Caption-style text data
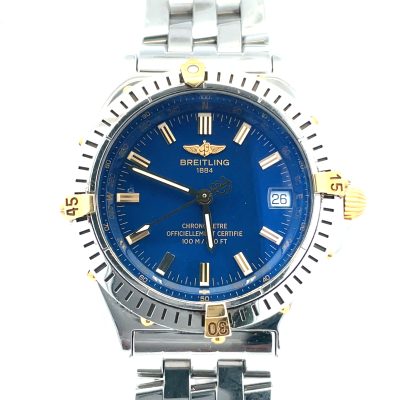 Two-Tone Breitling 'Wings' Automatic Date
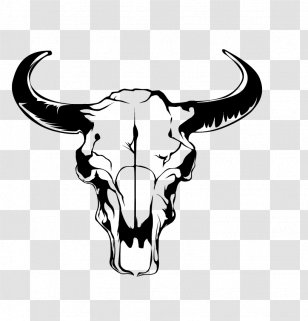Guitarist Mr. Scary Pickup Dokken - Monochrome - Vector Goat Skull Transparent PNG
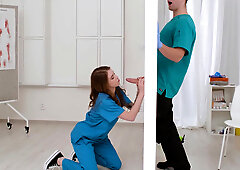 Teen nurses had a threesome with a hot doctor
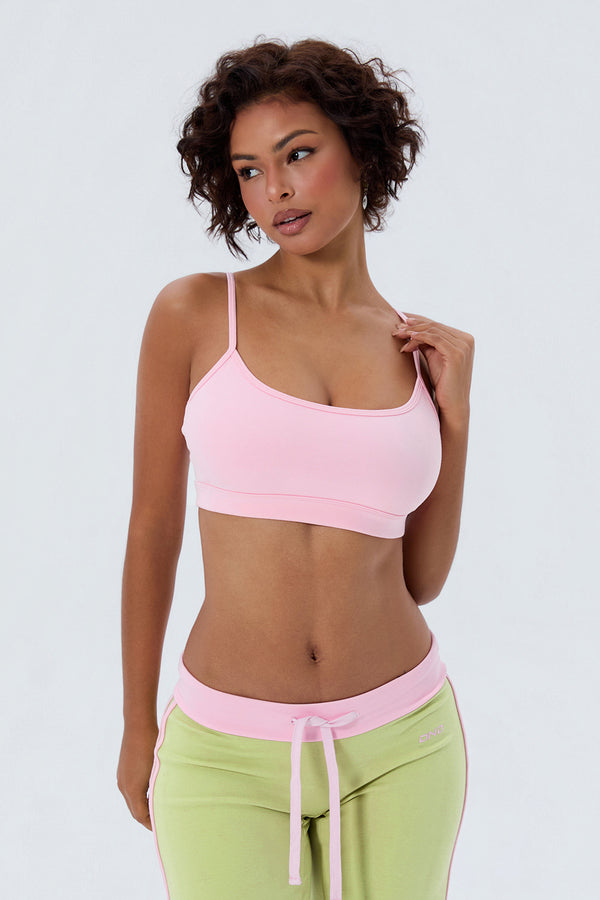 Cotton Thin Strap Basic Sports Bra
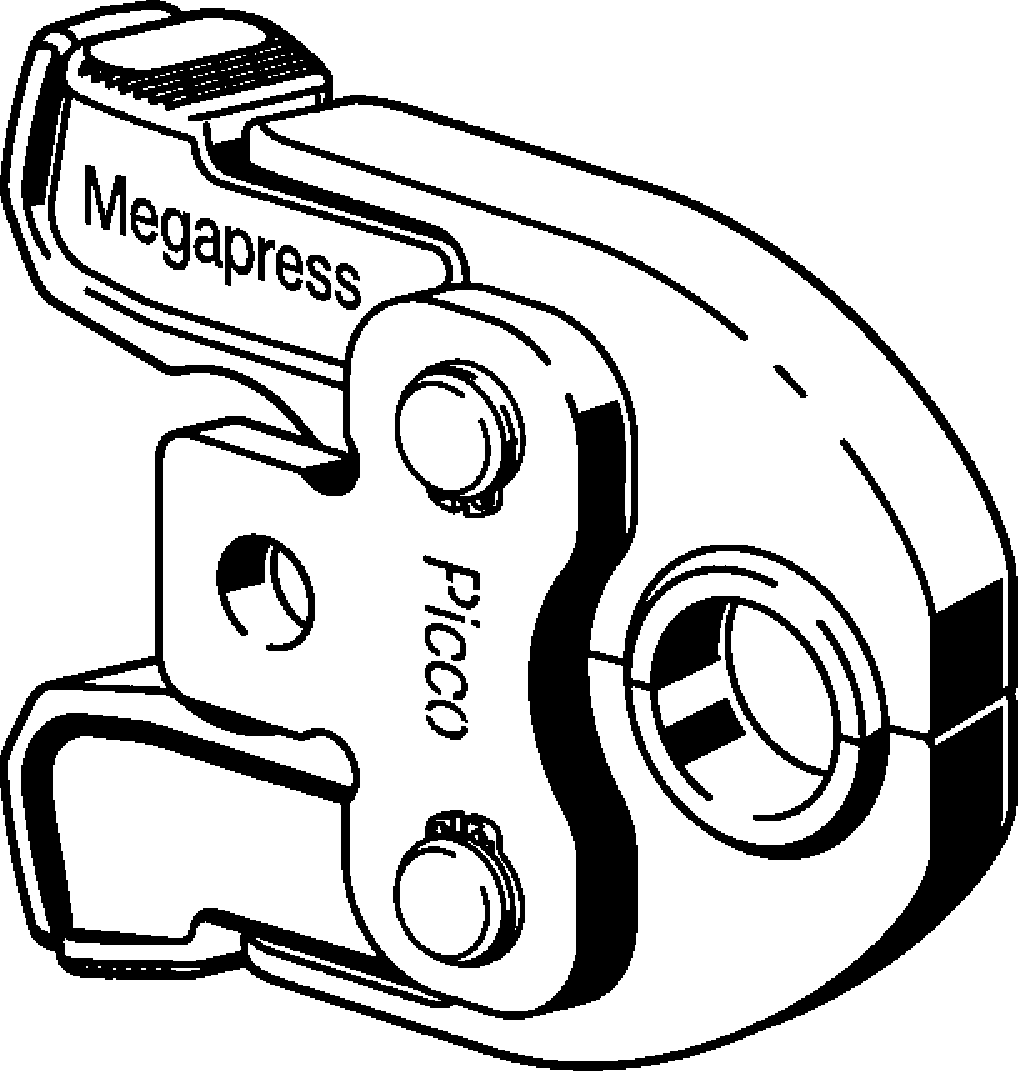 740 238 Модель 4284.9 Трубопроводные системы  Системные пресс-инструменты  Системные пресс-клещи Picco  Megapress Santreyd  - Вид №1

_Aim of the task_
Nothing but the lines from the one holding "Guitarist Mr. Scary" through the final line of the records above belongs in the answer, each retyped exactly; omit the pictures.

_Task answer_
Guitarist Mr. Scary Pickup Dokken - Monochrome - Vector Goat Skull Transparent PNG
 Teen nurses had a threesome with a hot doctor
 Cotton Thin Strap Basic Sports Bra
 740 238 Модель 4284.9 Трубопроводные системы  Системные пресс-инструменты  Системные пресс-клещи Picco  Megapress Santreyd  - Вид №1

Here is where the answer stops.